Today’s News Ltd report does not accurately reflect the Australian Human Rights Commission's position on steps that we should take to improve gender balance in the workforce.
Earlier this year, the Australian Human Rights Commission made a submission to a Senate Inquiry considering this issue.
We did not recommend that quotas be put in place, rather we recommended that the Commonwealth Government should become a model industry in improving the participation of women in the workforce. One of the strategies proposed is that the Government should require contracted organisations to demonstrate efforts to improve gender balance, with an ultimate goal of reaching a 40:40:20 gender balance.

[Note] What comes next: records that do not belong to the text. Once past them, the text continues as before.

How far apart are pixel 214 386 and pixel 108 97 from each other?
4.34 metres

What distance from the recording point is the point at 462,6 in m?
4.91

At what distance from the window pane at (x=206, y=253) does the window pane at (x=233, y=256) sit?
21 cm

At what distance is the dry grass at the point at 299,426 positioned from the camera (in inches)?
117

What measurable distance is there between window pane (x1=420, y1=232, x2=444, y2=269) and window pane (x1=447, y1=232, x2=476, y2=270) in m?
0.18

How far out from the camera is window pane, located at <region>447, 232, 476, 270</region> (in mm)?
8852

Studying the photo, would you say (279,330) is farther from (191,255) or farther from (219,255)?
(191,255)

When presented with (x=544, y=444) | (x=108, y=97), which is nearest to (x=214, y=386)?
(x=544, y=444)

The 40:40:20 target is used by the Workplace Gender Equality Agency to describe gender-balanced workplaces. It means that a gender-balanced workforce would be made up of 40% men and 40% women, with the remaining 20% unspecified to allow for flexibility.

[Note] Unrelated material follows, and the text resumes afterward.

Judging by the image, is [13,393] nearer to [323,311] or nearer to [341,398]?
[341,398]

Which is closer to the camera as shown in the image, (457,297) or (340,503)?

This is not a mandatory quota. Organisations would not need to meet this gender balance target to secure Government contracts.

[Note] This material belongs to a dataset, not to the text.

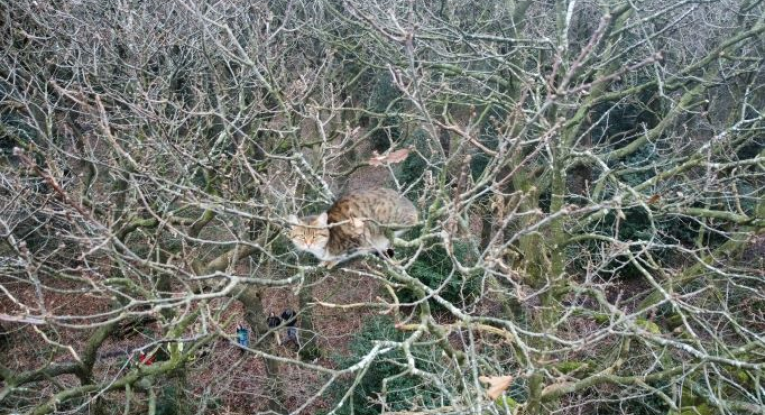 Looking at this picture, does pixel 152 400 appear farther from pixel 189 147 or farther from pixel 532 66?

The recommendation simply asks for “demonstrated efforts” to improve gender balance. Many organisations are already taking proactive steps on gender equality. For example, an organisation might improve the gender balance of recruitment short lists.
There are many benefits that would come from improving the gender balance in both male- and female-dominated workforces. Gender segregation in the workforce has significant economic and social impacts on women and men.
Increasing diversity in organisations has proven benefits. By improving women’s participation in male-dominated industries we can broaden the talent pool within these industries, address skills shortages and improve the performance of organisations. Similar benefits would flow to female-dominated work forces.